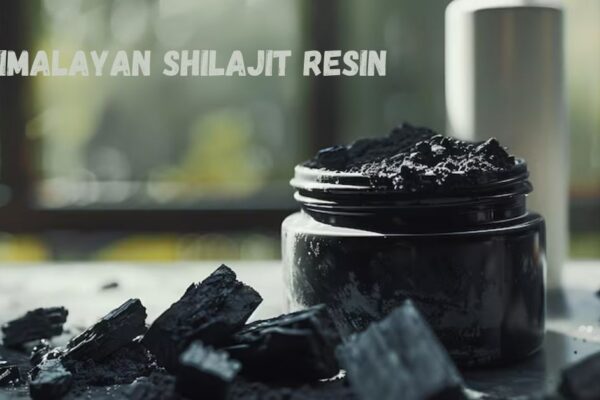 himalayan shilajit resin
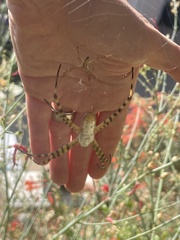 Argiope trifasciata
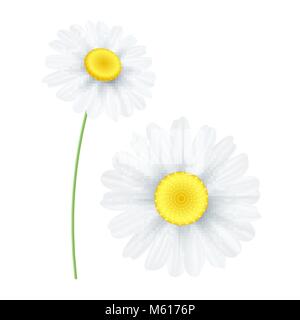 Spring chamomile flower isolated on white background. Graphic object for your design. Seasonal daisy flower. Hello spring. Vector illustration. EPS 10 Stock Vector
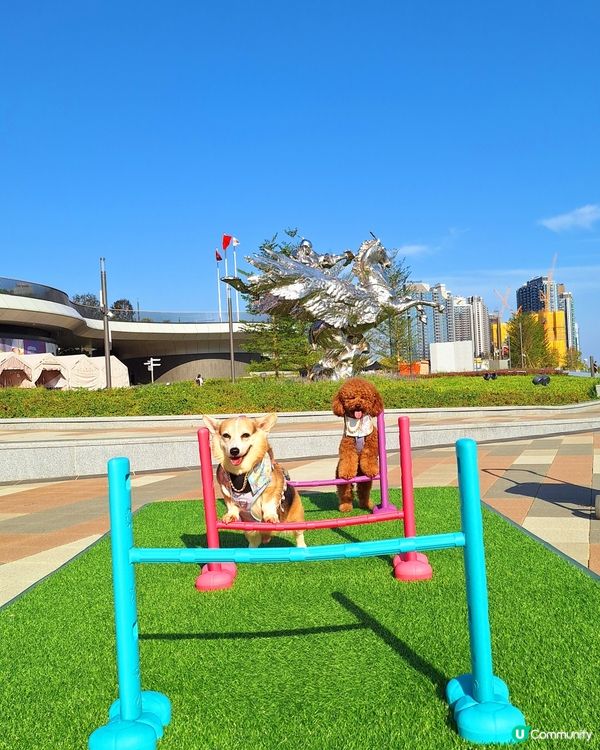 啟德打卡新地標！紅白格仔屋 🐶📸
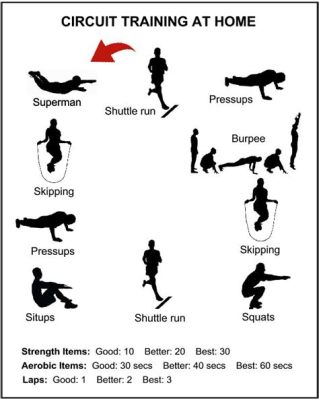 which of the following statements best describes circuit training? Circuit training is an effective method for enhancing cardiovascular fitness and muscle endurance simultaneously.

THE PROBLEM: Pictures stay out; everything else in the listing above gets restated word for word.

PROBLEM SOLUTION:
 himalayan shilajit resin
 Argiope trifasciata
 Spring chamomile flower isolated on white background. Graphic object for your design. Seasonal daisy flower. Hello spring. Vector illustration. EPS 10 Stock Vector
 啟德打卡新地標！紅白格仔屋 🐶📸
 which of the following statements best describes circuit training? Circuit training is an effective method for enhancing cardiovascular fitness and muscle endurance simultaneously.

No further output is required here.